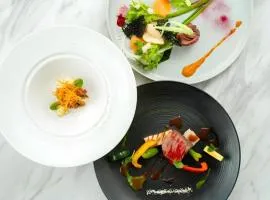 Corredor Yugawara Dog＆Resort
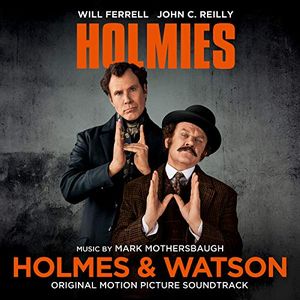 Holmes & Watson (OST)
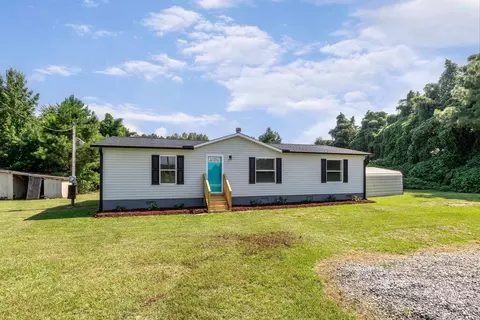 4039 Stricklands Crossroads Rd, Four Oaks, NC 27524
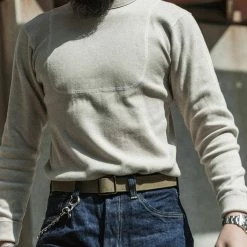 Bronson TOPS USN N-1 Undershirt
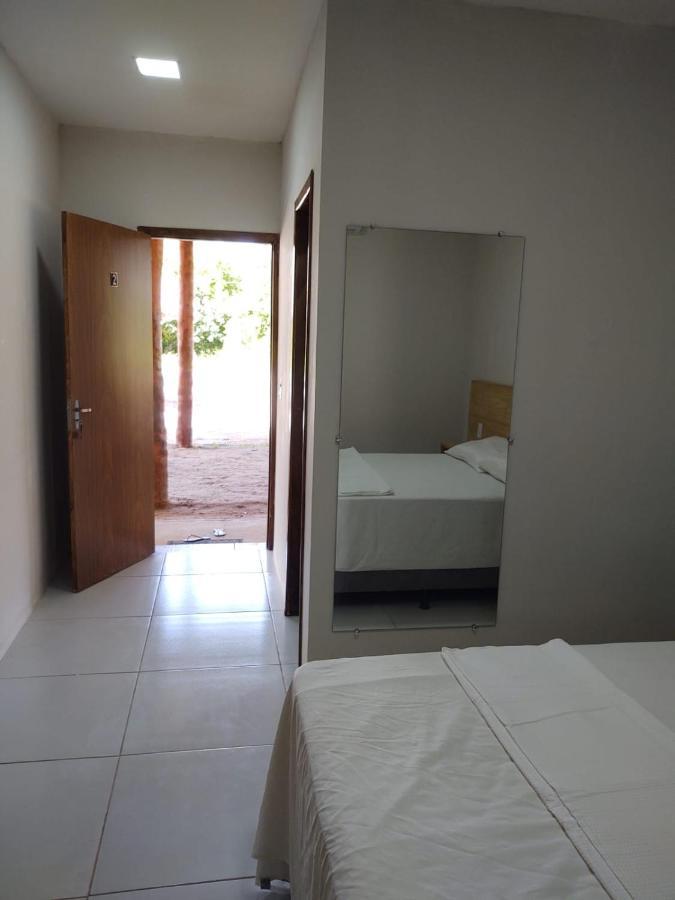 Quarto Família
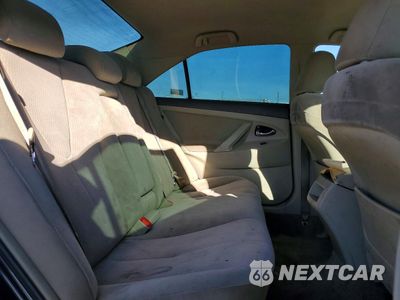 Zdjęcie 10 z 12 samochodu: 2011 TOYOTA CAMRY BASE VIN:4T1BF3EK3BU651052 - miniatura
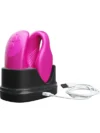 We-Vibe Chorus Çiftler İçin Telefon Uyumlu Vibratör Pembe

• _Task statement_
An unchanged copy of the listing, with no pictures, should be returned.

• _Exercise solution_
 Corredor Yugawara Dog＆Resort
 Holmes & Watson (OST)
 4039 Stricklands Crossroads Rd, Four Oaks, NC 27524
 Bronson TOPS USN N-1 Undershirt
 Quarto Família
 Zdjęcie 10 z 12 samochodu: 2011 TOYOTA CAMRY BASE VIN:4T1BF3EK3BU651052 - miniatura
 We-Vibe Chorus Çiftler İçin Telefon Uyumlu Vibratör Pembe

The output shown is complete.